In Norway, WDI's leader and deputy leader Christina Eline Ellingsen and Tonje Gjevjon have appeared on the Youtube channel of the far-right anti-immigrant website Document.no. Cathrine Linn Kristiansen, the chair of the main Norwegian radical feminist group, the Women's Front (Kvinnefronten), described WDI, on behalf of herself and her group, as "transphobes, racists and sexists" and said that "we strongly condemn them". WDI Norway's first deputy leader Anne Kalvig said both the country's government-appointed Extremism Commission and the Norwegian Humanist Association had portrayed WDI as far-right and extremist.

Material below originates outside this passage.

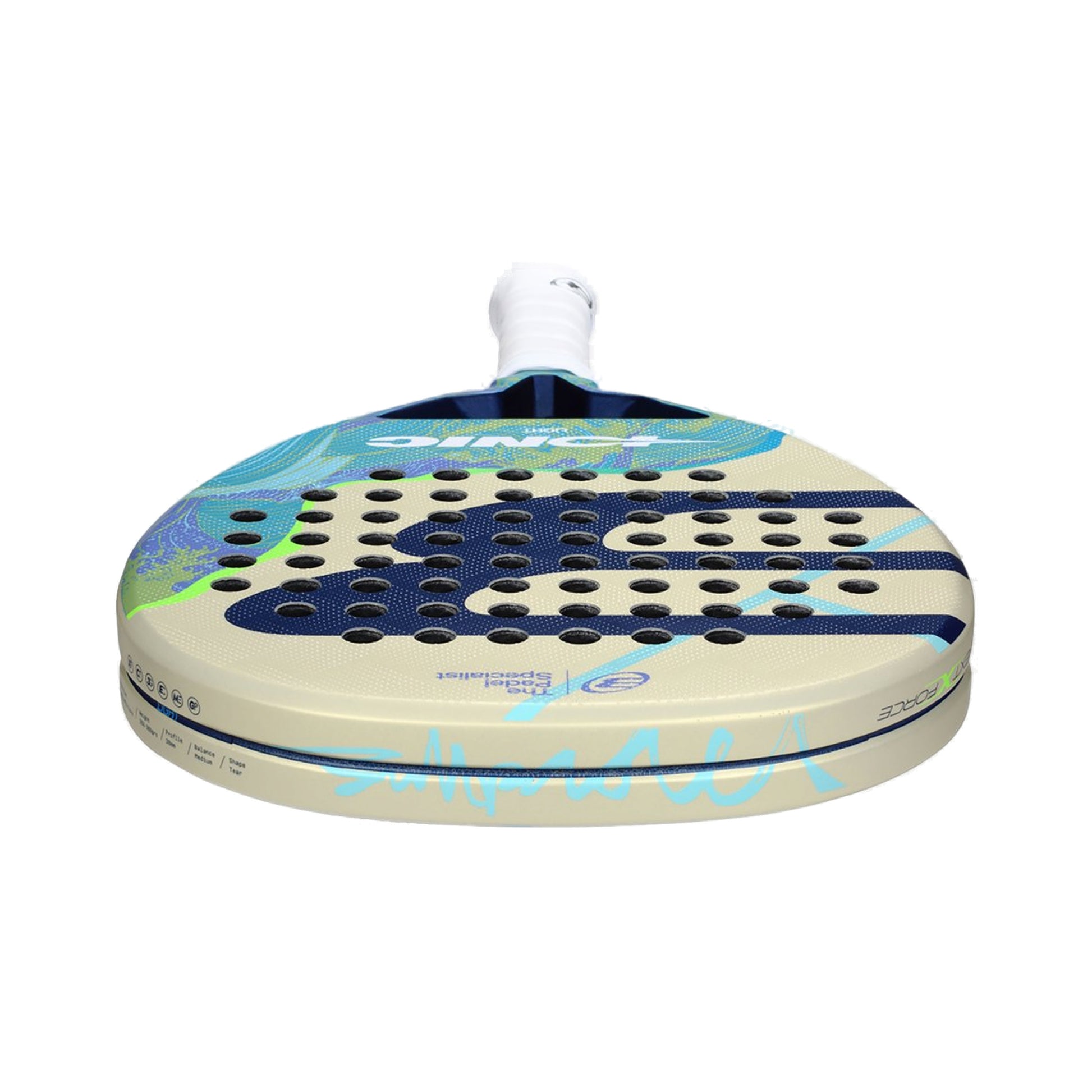 Bullpadel Ionic Light 26 Padel Racket - Top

In 2022, WDI USA president Kara Dansky, who has served as a WoLF board member and co-chair, issued a statement of support on behalf of WDI USA for the Women's Bill of Rights developed by the Republican Study Committee group of Republican Party members in the United States House of Representatives, stating it "would enshrine into law many of the principles outlined in the global Declaration on Women's Sex-Based Rights, which we work to advance throughout U.S. law".

By 2023, model legislation to restrict rights for transgender people had been distributed by Women's Declaration International USA to state legislatures in the United States. Proposed legislation with language similar to the WDI model legislation was introduced in some state legislatures that seek to develop laws to restrict access to gender-affirming care for youth under age 18.

In August 2024 WDI along with several other gender-critical groups including Women's Liberation Front and European Network of Migrant Women launched an open letter condemning UN Women for "demonizing and vilifying women who know that men are not women, and never will be," in response to a UN Women statement that anti-gender and gender-critical movements are anti-rights movements that employ hate propaganda and disinformation.

WDI has voiced support for the persecution of transgender people under the second Trump administration. WDI president Kara Dansky wrote that Trump's actions against transgender people are "rational policy," and that "I have to imagine that American TERFs have played a role in informing (May Mailman's) thinking" in drafting Executive Order 14168 titled "Defending Women from Gender Ideology Extremism and Restoring Biological Truth to the Federal Government."